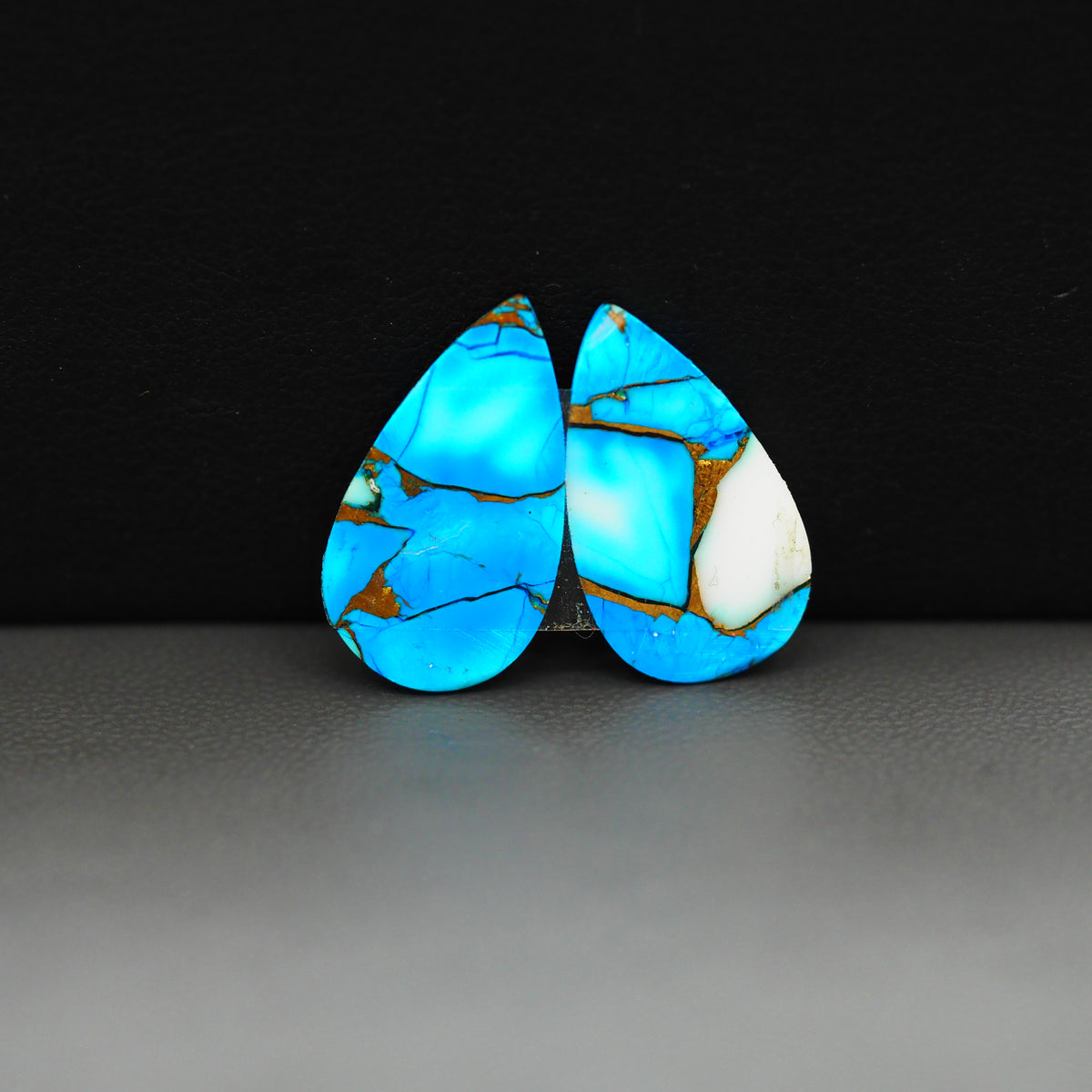 Kingman Ice Blue Dahlia Composite Pear Cabochon Pair 20x11x3mm 13ct - icy blue and white stone with copper veining - Pedra Gems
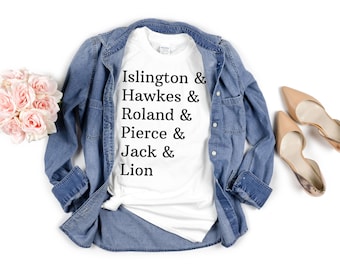 Può includere: Maglietta bianca con la scritta "Islington & Hawkes & Roland & Pierce & Jack & Lion" stampata su di essa. La maglietta è appoggiata su una superficie bianca con una camicia di jeans e un paio di scarpe beige.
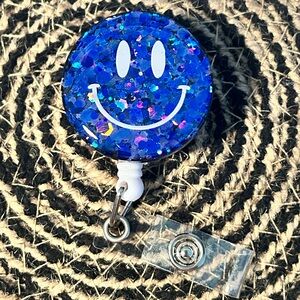 Blue Smiley Face Badge Reel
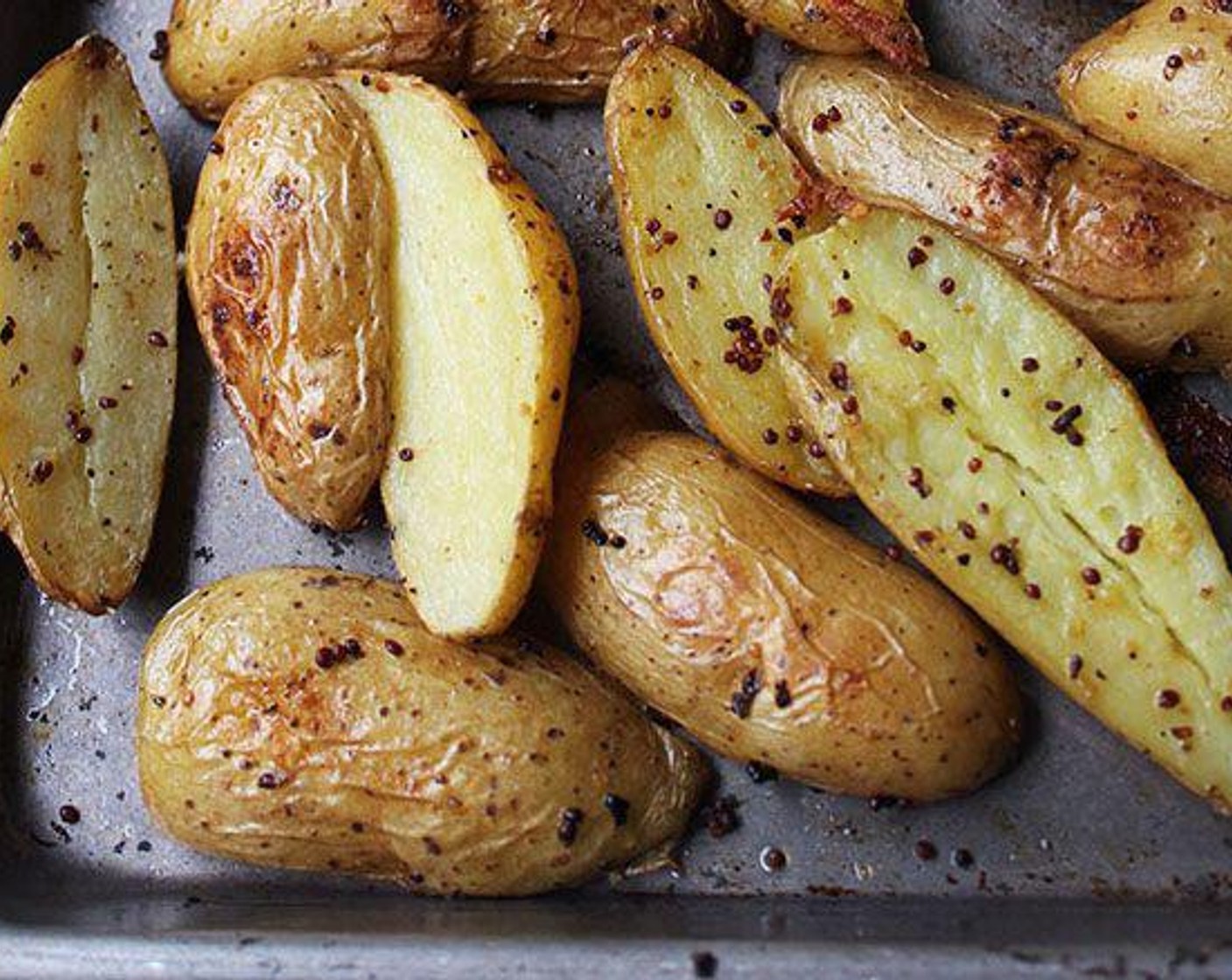 step 2 Cut the Fingerling Potatoes (6 cups) in half lengthwise and place them on a sheet pan. Add Extra-Virgin Olive Oil (2 Tbsp), Kosher Salt (1 tsp), Freshly Ground Black Pepper (1/4 tsp), and the Whole Grain Mustard (2 Tbsp) to the potatoes, and toss well with your hands to coat.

-- Instructions to follow --
Set down word for word, from the line that contains "Può includere: Maglietta" to the end of the listing above, every line and no picture.

-- Exercise solution --
 Può includere: Maglietta bianca con la scritta "Islington & Hawkes & Roland & Pierce & Jack & Lion" stampata su di essa. La maglietta è appoggiata su una superficie bianca con una camicia di jeans e un paio di scarpe beige.
 Blue Smiley Face Badge Reel
 step 2 Cut the Fingerling Potatoes (6 cups) in half lengthwise and place them on a sheet pan. Add Extra-Virgin Olive Oil (2 Tbsp), Kosher Salt (1 tsp), Freshly Ground Black Pepper (1/4 tsp), and the Whole Grain Mustard (2 Tbsp) to the potatoes, and toss well with your hands to coat.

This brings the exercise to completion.